What is being asked: Return, exactly and in full, the lines of the records below starting at the one with "Vintage Turtley Awesome" and ending at the one with "Leche Light GLORIA Lata 390...", and no other lines.

[Dataset entries]
== Segment start ==

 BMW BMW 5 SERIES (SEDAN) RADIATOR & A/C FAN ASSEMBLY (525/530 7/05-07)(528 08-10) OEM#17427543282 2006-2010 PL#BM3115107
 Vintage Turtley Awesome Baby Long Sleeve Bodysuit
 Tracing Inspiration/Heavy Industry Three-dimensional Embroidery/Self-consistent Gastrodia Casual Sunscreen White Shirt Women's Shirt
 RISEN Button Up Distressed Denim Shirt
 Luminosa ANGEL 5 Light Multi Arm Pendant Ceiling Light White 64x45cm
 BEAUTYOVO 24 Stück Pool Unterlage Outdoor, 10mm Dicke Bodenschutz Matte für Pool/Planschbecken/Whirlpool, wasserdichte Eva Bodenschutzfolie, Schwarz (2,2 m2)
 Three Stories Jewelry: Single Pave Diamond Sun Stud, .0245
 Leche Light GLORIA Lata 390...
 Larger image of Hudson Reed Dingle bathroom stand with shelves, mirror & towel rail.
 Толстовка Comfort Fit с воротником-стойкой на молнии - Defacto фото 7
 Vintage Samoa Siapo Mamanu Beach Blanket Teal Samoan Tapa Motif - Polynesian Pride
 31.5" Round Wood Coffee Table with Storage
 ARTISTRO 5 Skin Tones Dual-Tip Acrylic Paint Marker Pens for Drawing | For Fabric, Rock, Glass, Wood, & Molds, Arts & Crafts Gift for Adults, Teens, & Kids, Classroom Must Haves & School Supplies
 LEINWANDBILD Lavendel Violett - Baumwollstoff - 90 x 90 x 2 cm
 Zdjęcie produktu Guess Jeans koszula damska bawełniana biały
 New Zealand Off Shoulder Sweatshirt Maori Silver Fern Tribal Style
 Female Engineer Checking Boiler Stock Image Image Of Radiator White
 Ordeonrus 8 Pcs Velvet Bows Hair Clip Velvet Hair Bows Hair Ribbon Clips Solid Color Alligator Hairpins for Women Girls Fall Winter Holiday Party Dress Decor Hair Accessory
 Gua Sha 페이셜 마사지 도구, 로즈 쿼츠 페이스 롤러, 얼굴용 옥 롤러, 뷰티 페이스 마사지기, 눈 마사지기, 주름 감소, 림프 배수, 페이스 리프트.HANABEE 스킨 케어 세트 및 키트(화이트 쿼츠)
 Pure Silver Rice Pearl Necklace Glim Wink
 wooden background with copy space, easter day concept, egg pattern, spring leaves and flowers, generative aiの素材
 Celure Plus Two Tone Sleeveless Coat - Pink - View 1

== Segment end ==

Result of this exercise:
 Vintage Turtley Awesome Baby Long Sleeve Bodysuit
 Tracing Inspiration/Heavy Industry Three-dimensional Embroidery/Self-consistent Gastrodia Casual Sunscreen White Shirt Women's Shirt
 RISEN Button Up Distressed Denim Shirt
 Luminosa ANGEL 5 Light Multi Arm Pendant Ceiling Light White 64x45cm
 BEAUTYOVO 24 Stück Pool Unterlage Outdoor, 10mm Dicke Bodenschutz Matte für Pool/Planschbecken/Whirlpool, wasserdichte Eva Bodenschutzfolie, Schwarz (2,2 m2)
 Three Stories Jewelry: Single Pave Diamond Sun Stud, .0245
 Leche Light GLORIA Lata 390...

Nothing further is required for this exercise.